● Task to carry out
Every line below is to be copied exactly, with the pictures left out.
*** Data excerpt Section Begins ***
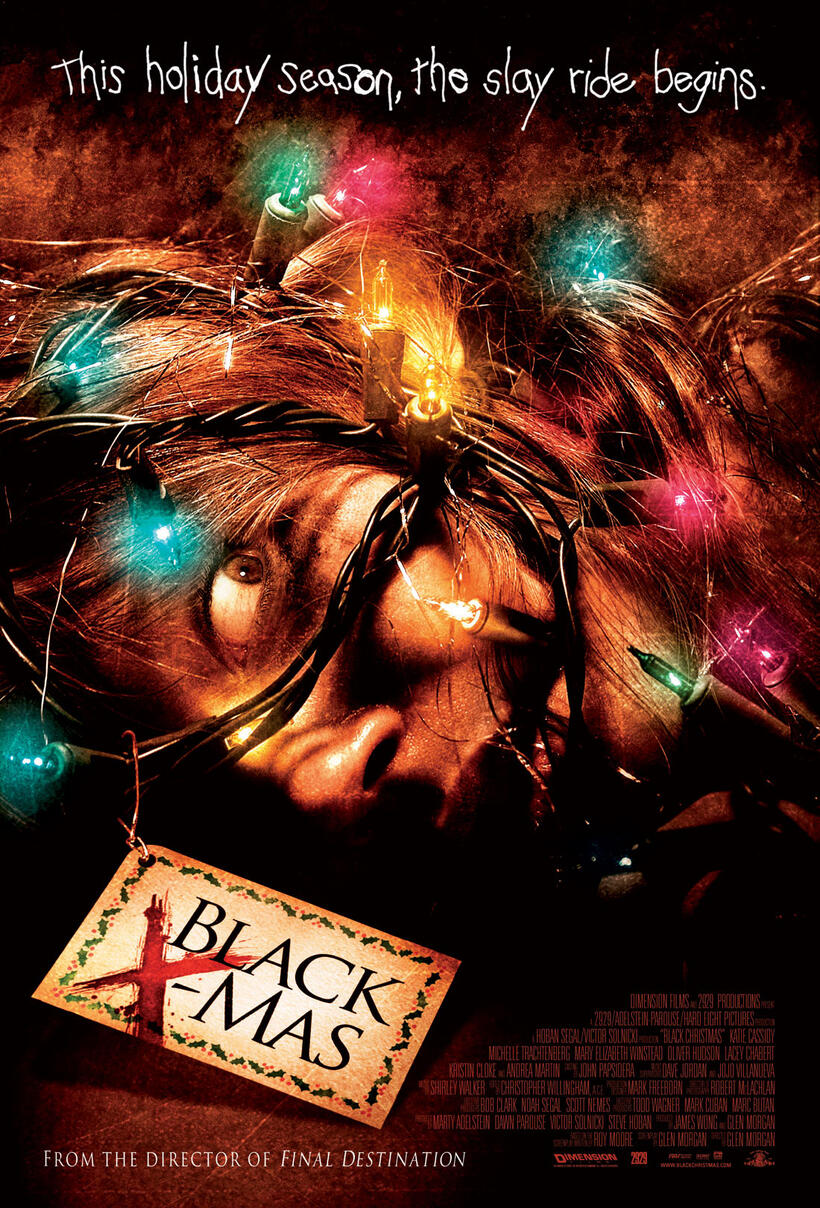 Poster art for "Black Christmas."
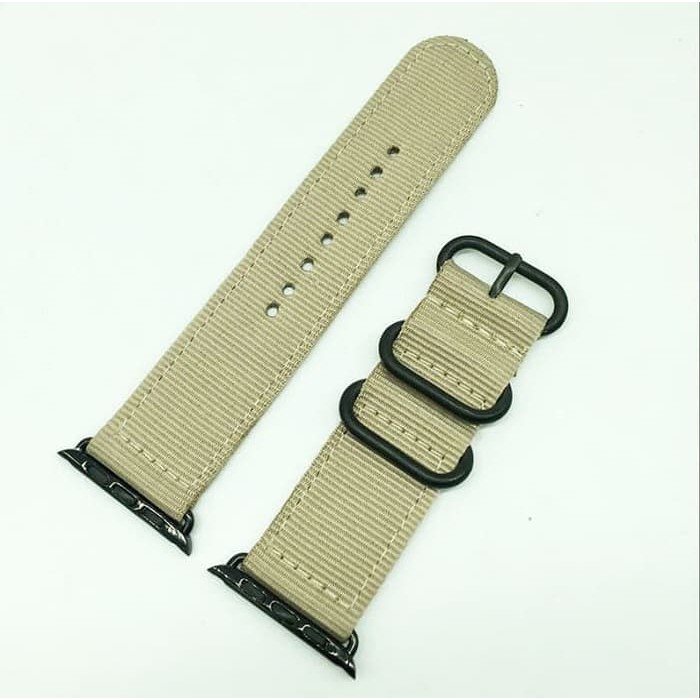 Tali Jam App Watch Premium Woven Nylon Buckle Strap 38mm Khaki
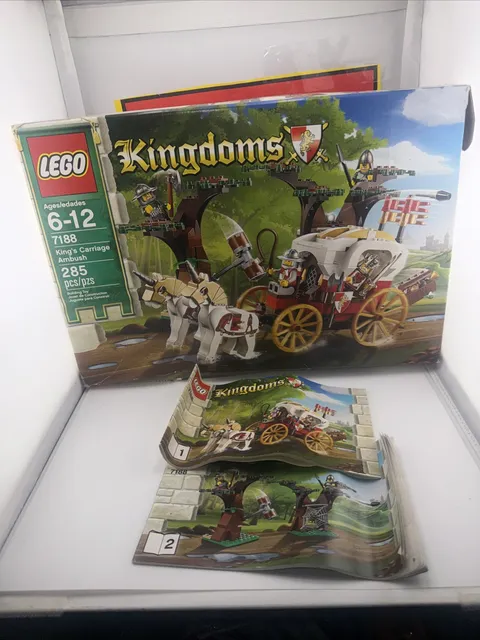 Lego Kingdoms 7188 King's Carriage Ambush Instruction Manual  and Box no pieces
*** Data excerpt Section Ends ***
● Task result
 Poster art for "Black Christmas."
 Tali Jam App Watch Premium Woven Nylon Buckle Strap 38mm Khaki
 Lego Kingdoms 7188 King's Carriage Ambush Instruction Manual  and Box no pieces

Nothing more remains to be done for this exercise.